Worst Jokes Ever
Morbid jokes are just like girlfriends. Not everyone gets it.
Where do rape victims buy their clothes from?
The kids section.
What can Michael Jackson eat in his coffin?
Nothing, only brown bread, what they call it! 😂😂😂
I don't know what an HD is, but my doctor says I have 80 of 'em'.
Last week a girl asked me for sex. I had to disappoint her... so I said yes.
What do you call 2 nudists in Africa?
Naked and Afraid.
Your hairline is so big, Niagara Falls said, "Oh, looks like we've got some competition!"
Why do pedophiles always lose a race?
Because they come in a little behind.
Yo mama so fat, when she passed by the TV, I missed a whole season of SpongeBob.
What did Dom Toretto say about the tree Paul Walker hit?
"Family strong, but not that strong."
My grandma unplugged the internet cable, so I unplugged her life support.
A dad told his son never to hit girls, so the son replied, "I promise."
When the son got older, he was doing the dirty with "a girl," and the girl says, "Spank me, daddy..." and the son responds, "My dad said never to hit a girl."

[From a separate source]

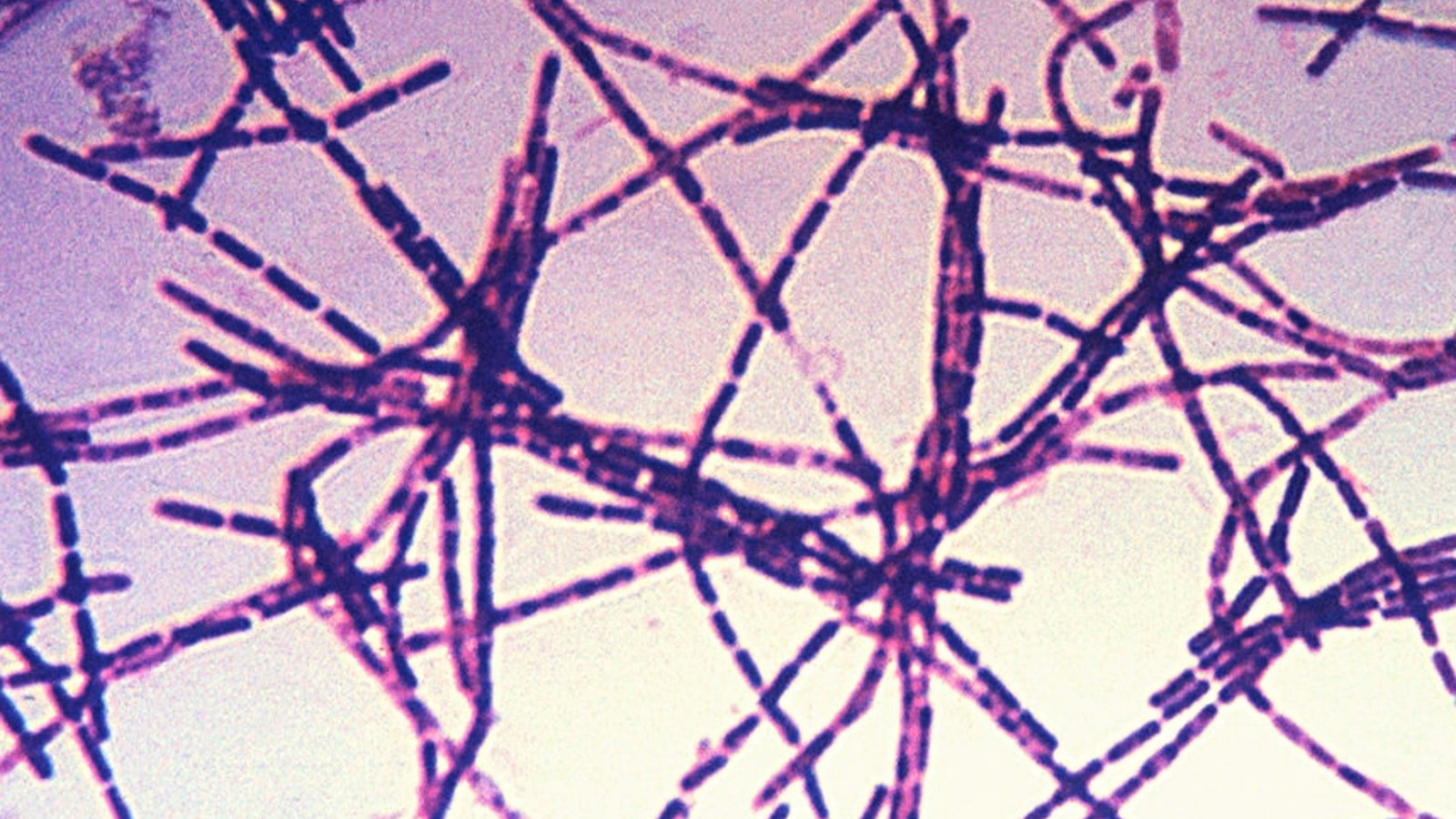 1280px-bacillus_anthracis_gram.jpg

Then the "girl" takes off the wig, and it's his dad, and the dad said, "Good job, son!"
Son:...... um
Why do orphans love chips?
Because they're all family sized.
Mom! Mom! My classmates called me an orphan!
My worst fear is being trapped in a lift with a man who is confident he can fix it.
TIL Ariana Grande is actually a pop singer.
I thought it was a fancy coffee for white supremacists.
How to commit arson:
1. Burn down an orphanage.
TV: SCHOOL SHOOTING 13 DIED.
Father: Guns cause all these problems!
Kid playing FNAF security breach *bang* *Bang*
Kid: WOLF PU&EY WOLF PU^$Y WOLF PU*#Y
What's the difference between a bird and a kid on the roof?
The bird can fly off the roof.
Why is it everyone wants to rub a pregnant woman's stomach but never the man's balls where the baby actually came from and the real ones that deserve the congratulations?